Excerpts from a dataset

==========

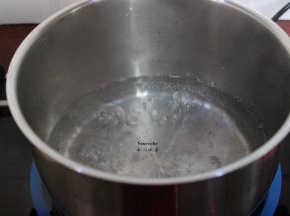 适量的清水，放入一点点白砂糖煮沸；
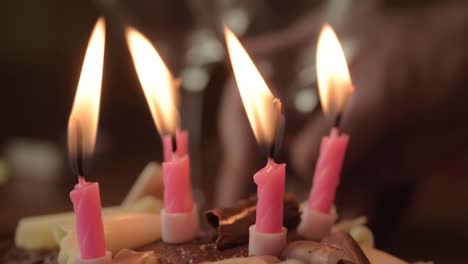 Tarta-De-Cumpleaños-De-Chocolate-Con-Velas-Macro-Shot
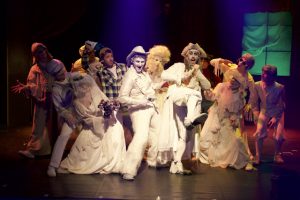 Fantasmi sotto sfratto Teatro Cardinal Massaia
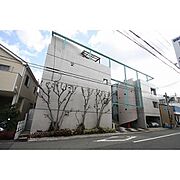 江坂駅より徒歩10分 3階 築36年9ヶ月の賃貸物件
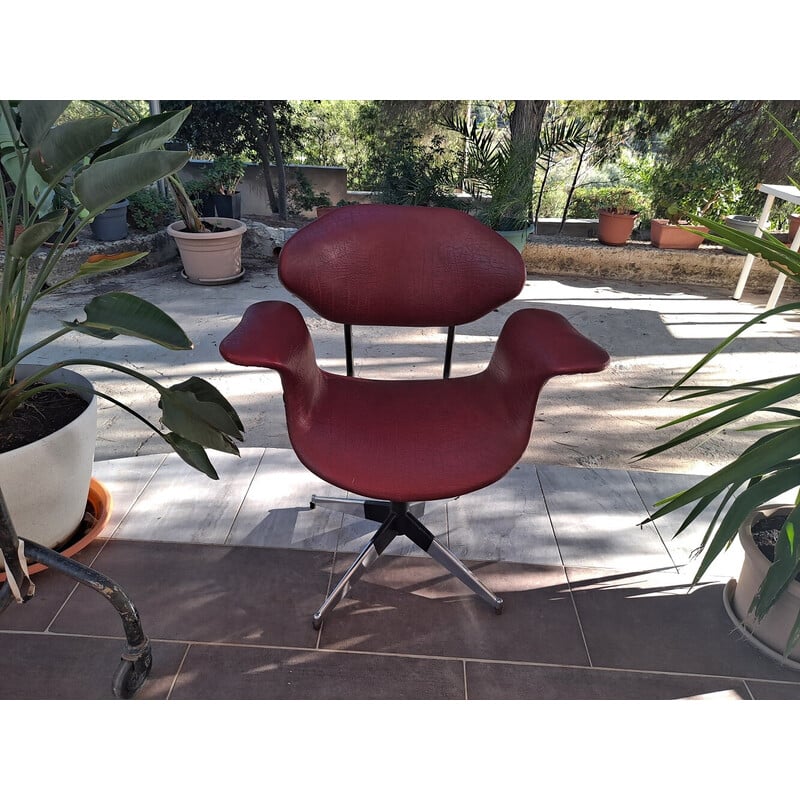 Vintage office armchair in red leather, Italy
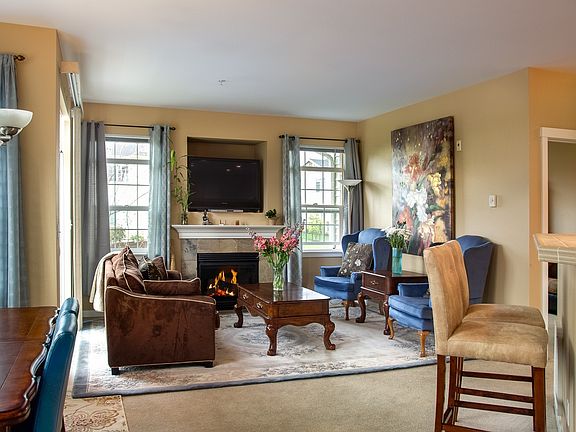 3rd image of 1855 Trossachs Blvd SE Unit 803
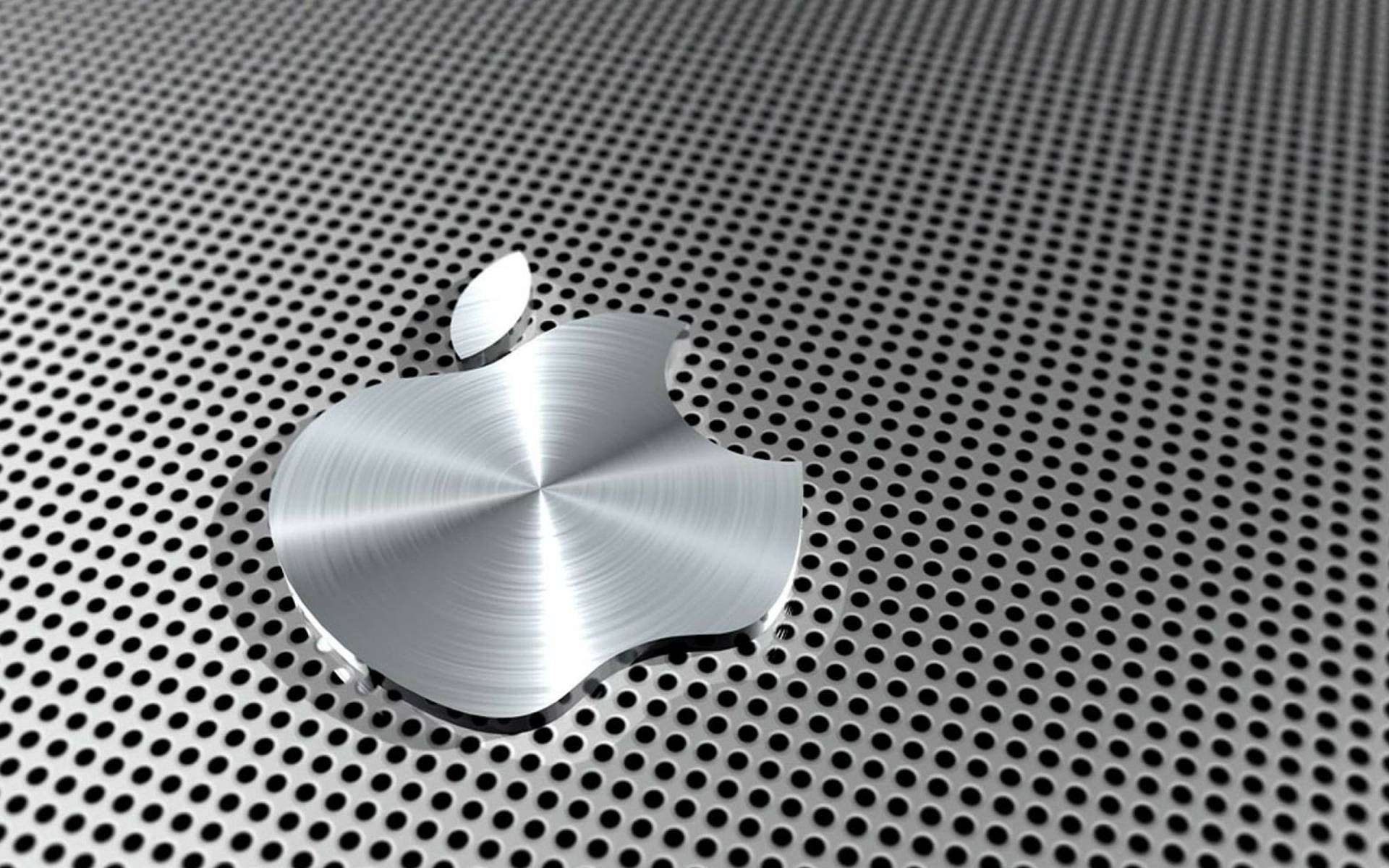 穿孔金屬表面上的閃亮 Apple 標誌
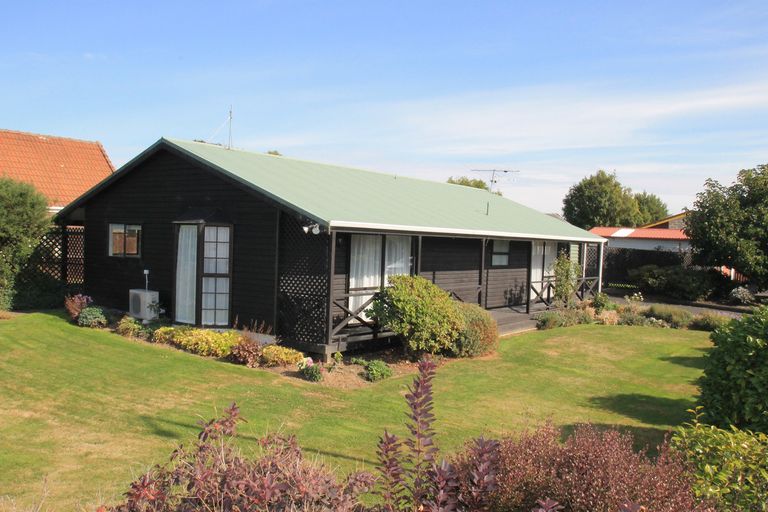 Photo of property in 111 Hagart-alexander Drive, Mosgiel, 9024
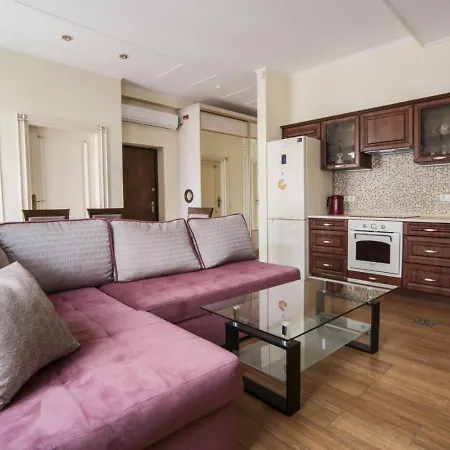 Lviv4u Apartment *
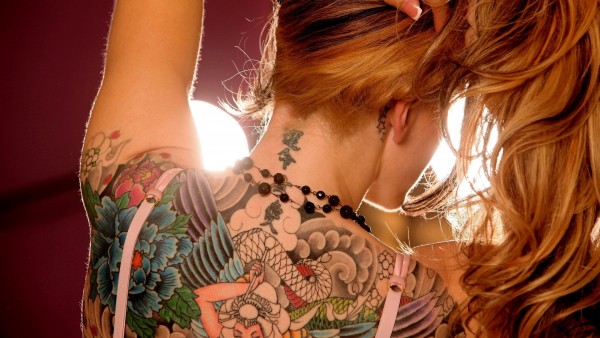 1920x1200 Рыжая девушка с татуировками на спине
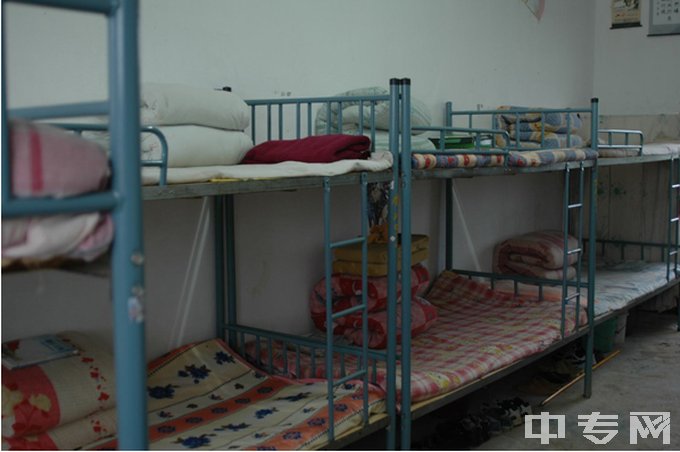 安庆阳光职业学校寝室照片、宿舍环境好不好？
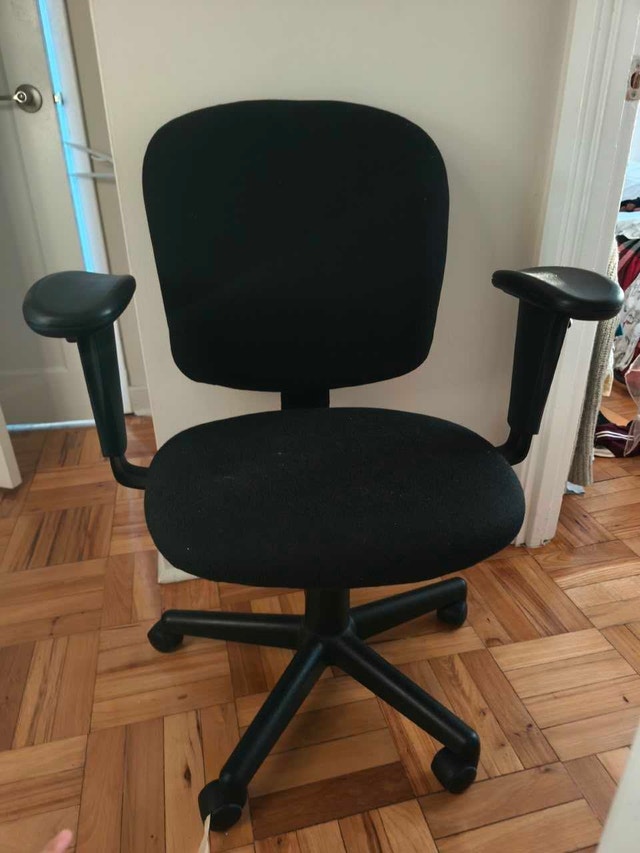 Black Office Chair – Good Condition – Free floor Protector - photo 2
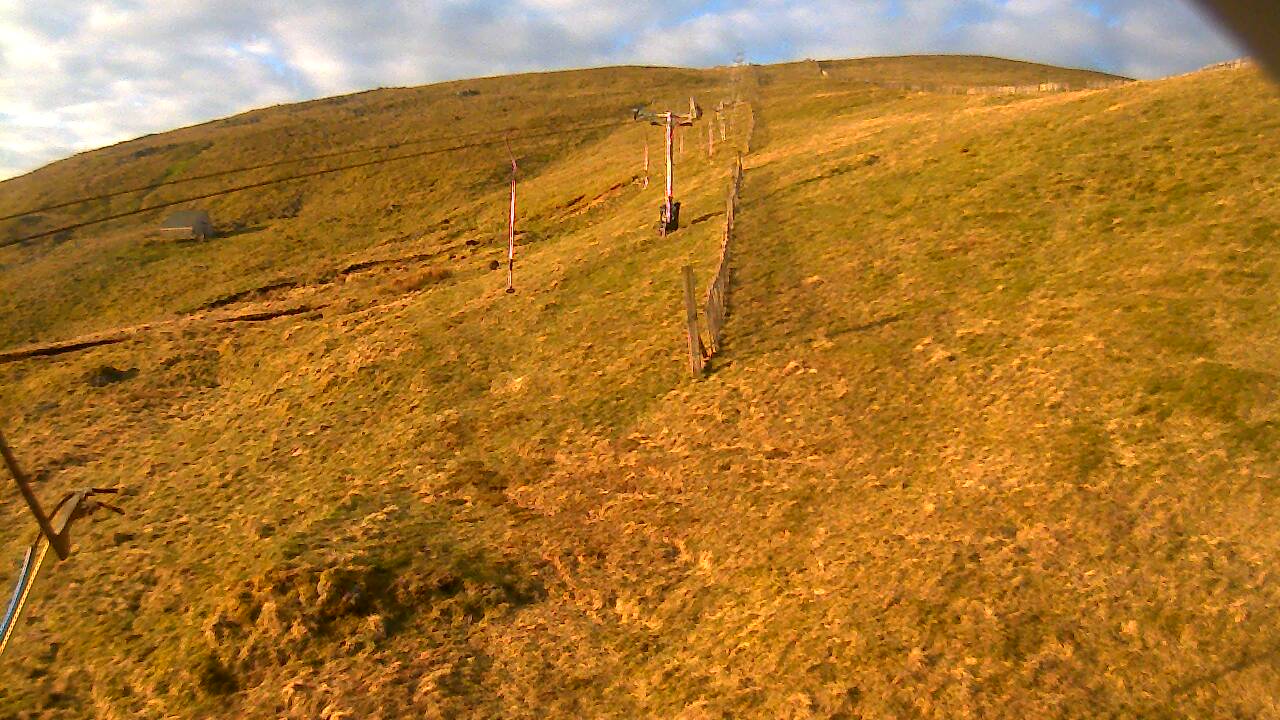 Image from 2022/04/26 for Tow Hut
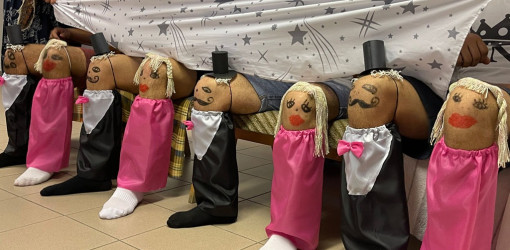 farsangi mulatsag az idosek otthonaban38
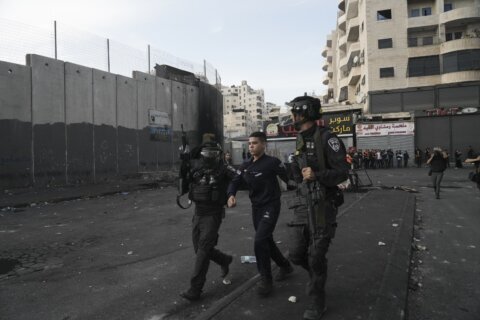 Israeli settlers rampage in Palestinian town in West Bank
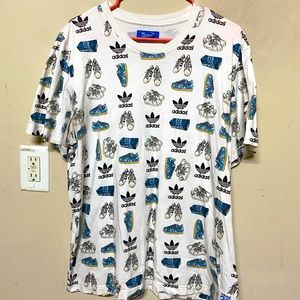 Vintage adidas tshirt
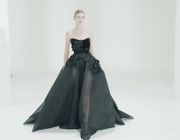 Haute Couture Fall Winter 2021/2022- Elie Saab khát vọng mãnh liệt về cuộc sống mới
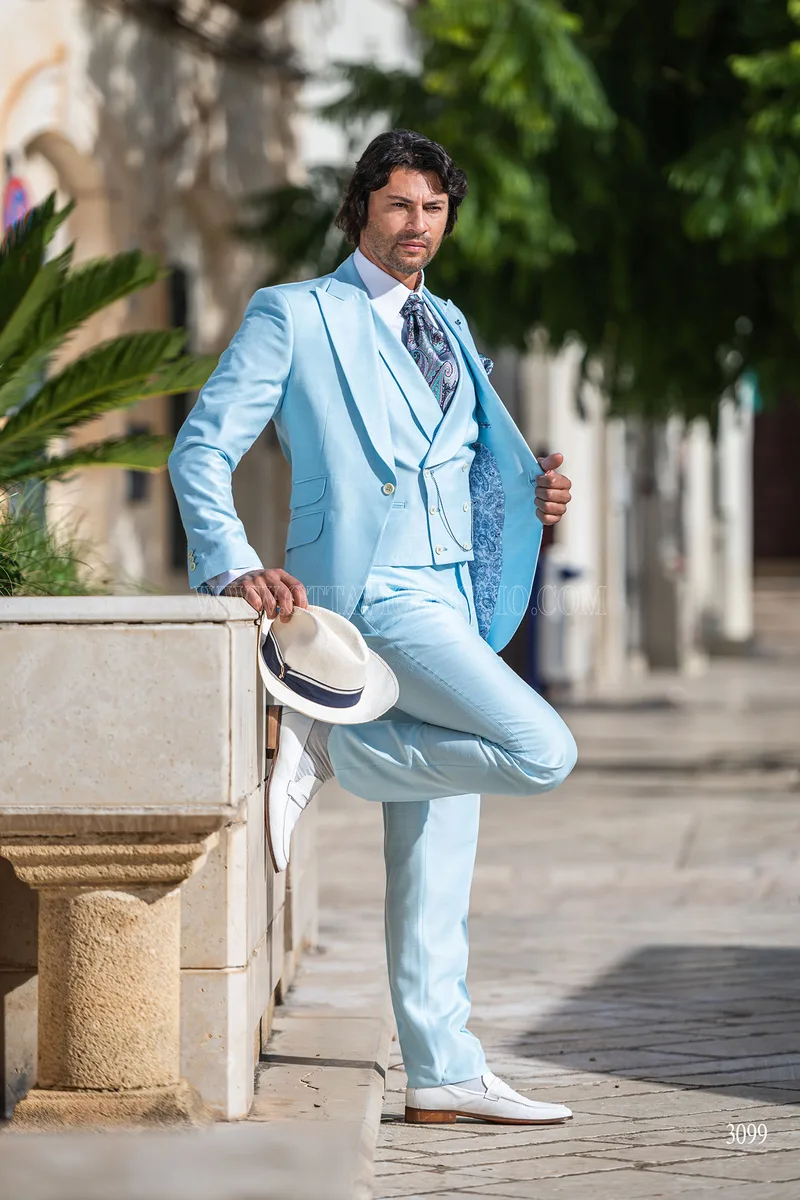 Costume de mariage estival bleu ciel avec gilet croisé 1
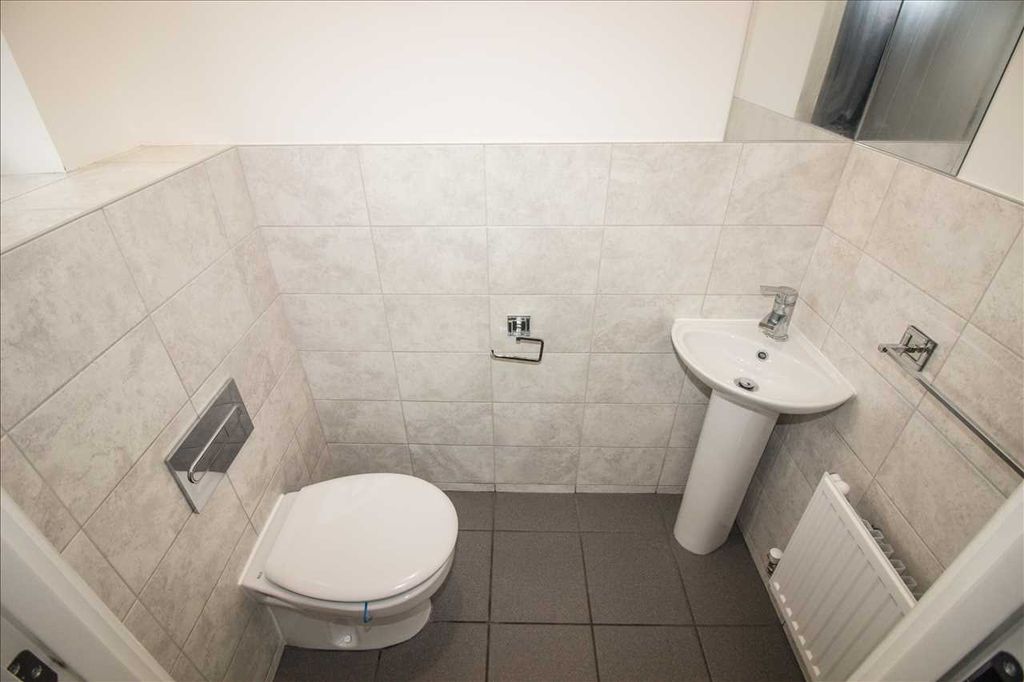 Property photo 2 of 8 Downstairs Cloakroom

==========

## Exercise goal
Output the data above without changes, apart from leaving out the pictures.

## Answer box
 适量的清水，放入一点点白砂糖煮沸；
 Tarta-De-Cumpleaños-De-Chocolate-Con-Velas-Macro-Shot
 Fantasmi sotto sfratto Teatro Cardinal Massaia
 江坂駅より徒歩10分 3階 築36年9ヶ月の賃貸物件
 Vintage office armchair in red leather, Italy
 3rd image of 1855 Trossachs Blvd SE Unit 803
 穿孔金屬表面上的閃亮 Apple 標誌
 Photo of property in 111 Hagart-alexander Drive, Mosgiel, 9024
 Lviv4u Apartment *
 1920x1200 Рыжая девушка с татуировками на спине
 安庆阳光职业学校寝室照片、宿舍环境好不好？
 Black Office Chair – Good Condition – Free floor Protector - photo 2
 Image from 2022/04/26 for Tow Hut
 farsangi mulatsag az idosek otthonaban38
 Israeli settlers rampage in Palestinian town in West Bank
 Vintage adidas tshirt
 Haute Couture Fall Winter 2021/2022- Elie Saab khát vọng mãnh liệt về cuộc sống mới
 Costume de mariage estival bleu ciel avec gilet croisé 1
 Property photo 2 of 8 Downstairs Cloakroom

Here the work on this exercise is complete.